Air Canada a déposé une requête à la Cour suprême pour en appeler d'un jugement qui l'oblige à maintenir des centres d'entretien d'avions à Montréal et à Winnipeg.

« C'est une mauvaise nouvelle pour nous, a déploré le coordonnateur québécois de l'Association internationale des machinistes et des travailleurs de l'aérospatiale, David Chartrand, dans une entrevue téléphonique avec La Presse Affaires. Ça nous fait attendre encore plus longtemps pour connaître le résultat final. »

Le dossier est lié à la soudaine fermeture de l'entreprise d'entretien d'avions Aveos, qui a entraîné la perte de 2700 emplois, dont 1800 dans la région de Montréal, en mars 2012.

« Ç'a été une catastrophe, a lancé M. Chartrand. Plusieurs ne s'en sont jamais remis. »

Il faut remonter à 1988 pour aller à la source du conflit, soit l'entrée en vigueur de la loi qui permettait la privatisation d'Air Canada, la Loi sur la participation publique au capital d'Air Canada. Cette loi oblige le transporteur à « maintenir des centres de révision et d'entretien dans les villes de Winnipeg et de Mississauga et dans la Communauté urbaine de Montréal ».

La filiale fait faillite

Dans le cadre de sa restructuration, en 2004, Air Canada a créé une filiale distincte d'entretien et de révision, ACTS (Air Canada Technical Services), qui a fini par se détacher totalement et prendre le nom d'Aveos.

Lorsque Aveos a fermé ses portes et fait faillite en 2012, Air Canada a confié de petits contrats d'entretien à des entreprises québécoises comme Avianor et Premier Aviation, mais elle a transféré l'essentiel de ses gros contrats aux États-Unis.

Le gouvernement du Québec a intenté une poursuite contre Air Canada en avril 2012, imité par le gouvernement du Manitoba.

En cour, le transporteur a fait valoir qu'il faisait encore de l'entretien en ligne à Montréal et Winnipeg. Il s'agit toutefois de travaux légers entre les vols et pendant la nuit.

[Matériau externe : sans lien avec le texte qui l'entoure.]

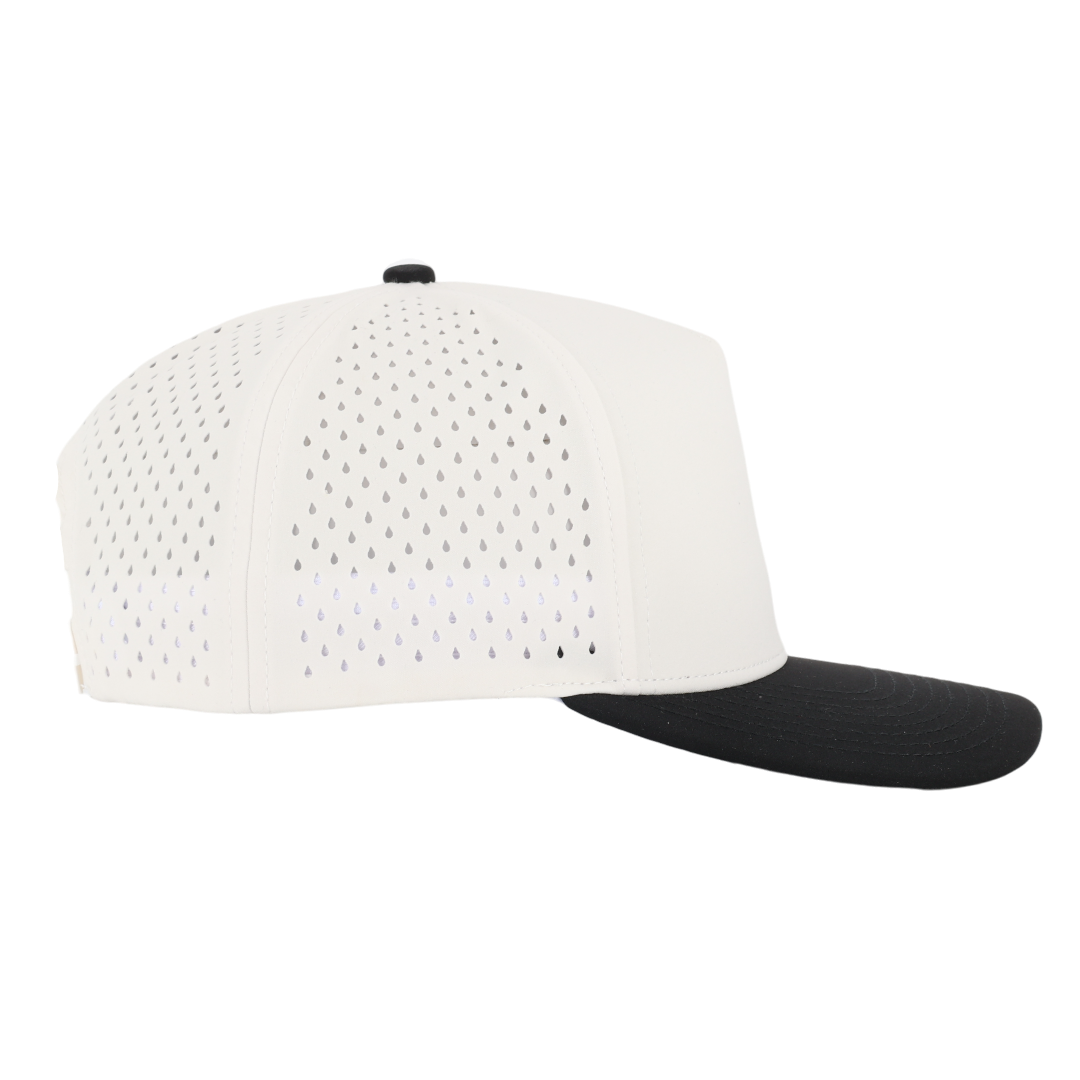 Tan & Black Horizon Signature Waterproof Hat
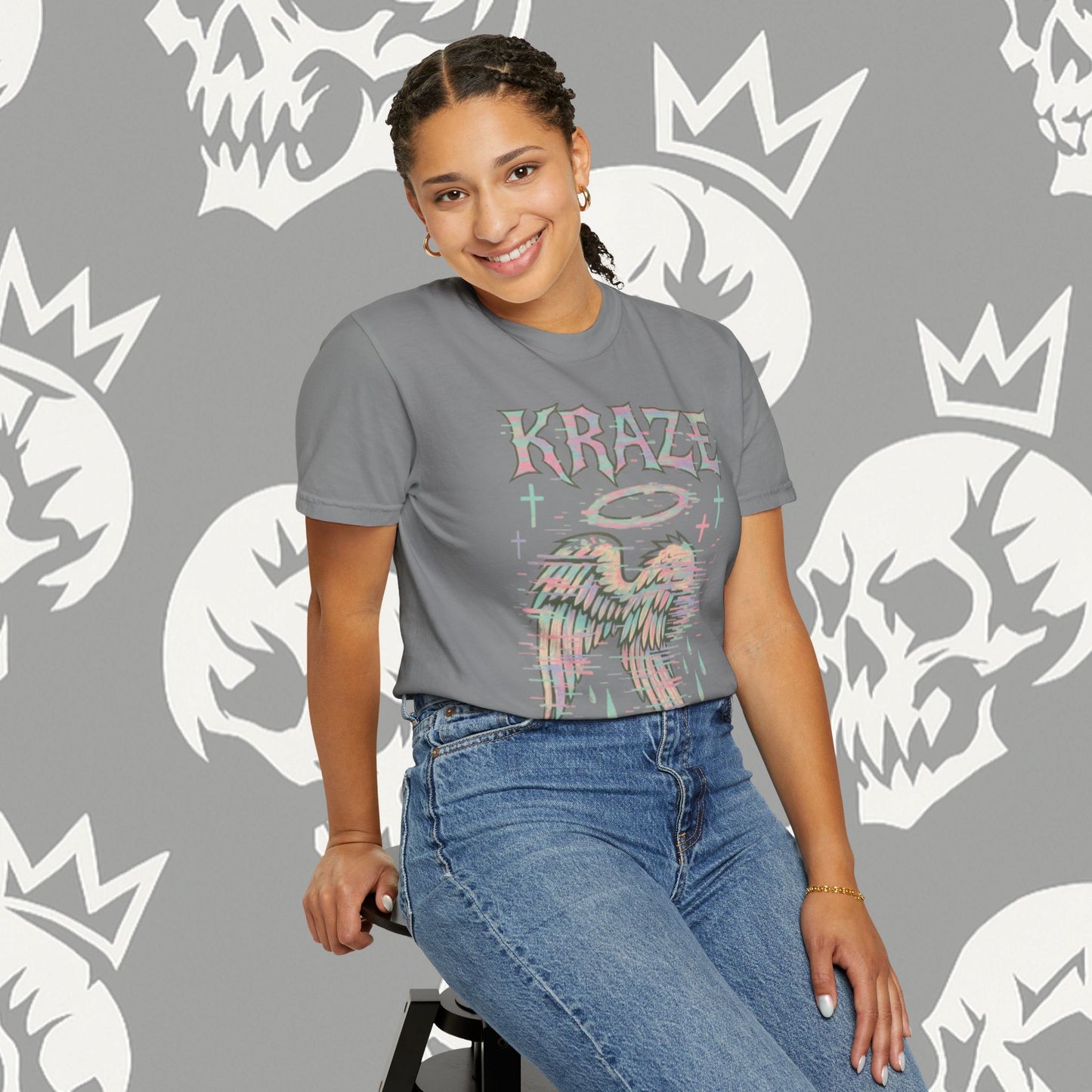 Kraze "Heaven got Hacked" shirt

En février 2013, le juge Martin Castonguay, de la Cour supérieure du Québec, a donné raison aux gouvernements du Québec et du Manitoba.

Le 3 novembre dernier, la Cour d'appel du Québec a confirmé cette décision.

« À partir du moment où les affaires d'Air Canada la mènent à fermer ce centre ou à en réduire les activités de façon à ce qu'elles n'équivaillent plus à celles qui y avaient cours en 1998, elle enfreint la loi. »

- Extrait de la décision de la juge Marie-France Bich de la Cour d'appel 

Air Canada avait 60 jours pour décider d'en appeler du jugement. Elle a déposé une requête en autorisation à la Cour suprême le 30 décembre dernier.

« Nous demandons la permission de porter en appel devant la Cour suprême du Canada la décision rendue par la Cour d'appel du Québec afin que des explications soient fournies au sujet d'importantes questions soulevées par cette décision », a déclaré la porte-parole d'Air Canada Isabelle Arthur, sans vouloir faire de commentaires supplémentaires.

David Chartrand croit que plus Air Canada fait traîner les choses, plus elle peut faire valoir qu'il lui est impossible de récupérer l'expertise et l'équipement nécessaires pour remettre en place les centres d'entretien.

« Air Canada a l'intention de plaider sa propre turpitude », a-t-il lancé.

Le syndicat a une autre crainte : que le transporteur fasse pression sur le nouveau gouvernement libéral à Ottawa pour faire modifier la loi qui l'oblige à maintenir ces centres.

« Nous avons écrit au premier ministre Justin Trudeau, au ministre des Transports Marc Garneau et à plusieurs députés pour leur demander de faire attention à ça, de s'assurer de ne pas changer la loi », a déclaré M. Chartrand.